One of the first steps in an insurance coverage dispute is to assemble a team. Often, the folks our clients turn to first is their insurance broker. We love that, and we encourage it. Brokers are often tremendously helpful with managing claims, advancing claims, liaising with your insurer, and even resolving claims. If we, insurance coverage counsel, are engaged, and our client’s broker is not, we’ll often recommend folding the broker in. The broker knows the insurance program, how it should work, how it was negotiated, who the key players are. We love that. And we also want to protect that. Meaning, we often do what we can to ensure communications with and including brokers, made during the claims process, are and remain confidential. And there’s some law supporting that proposition.

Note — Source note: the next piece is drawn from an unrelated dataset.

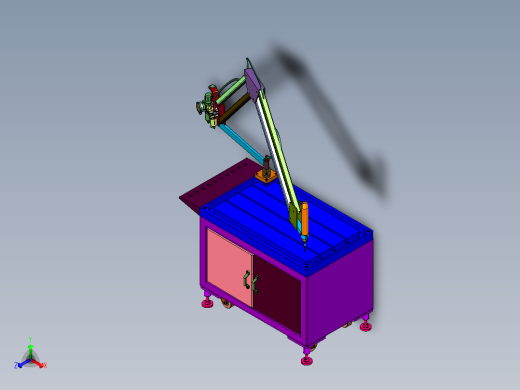 浮臂式万向攻丝机正等轴测缩略图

We recently litigated this issue in the case captioned Homeland Insurance Company of New York v. Clinical Pathology Laboratories, in the Western District of Texas. Homeland served our client with very broad document requests, including a request for most if not all of our client’s communications involving their broker. We withheld a few hundred documents involving that broker on the basis that the documents were privileged or contained work product, and that there was no waiver of those protections because the broker was acting as our client’s “client representative,” a key question under Texas law but also elsewhere. Our client submitted an affidavit stating that the company involved its broker in confidential and protected communications to assist the company with securing insurance coverage. Homeland ultimately filed a motion to compel. The Court denied the motion and the communications remained confidential. Email me if you’d like a copy of the Order.

In the order, the Court cited cases from across the country holding that communications involving a broker and attorneys may be privileged, and that an insurance broker can act as a “client representative” of an insured when its communications are made for the purpose of facilitating the rendition of legal services to the client. The Court held, upon the affidavit we submitted and our privilege log, that that was what was happening here. It was a great result.

So, this play, as a first step with an insurance coverage dispute, consider adding your broker to your team. As a part of that process, you might want to analyze the applicable legal landscape to assess whether and to what extent you can protect communications with your broker from production and disclosure. There is law out there that might be able to help.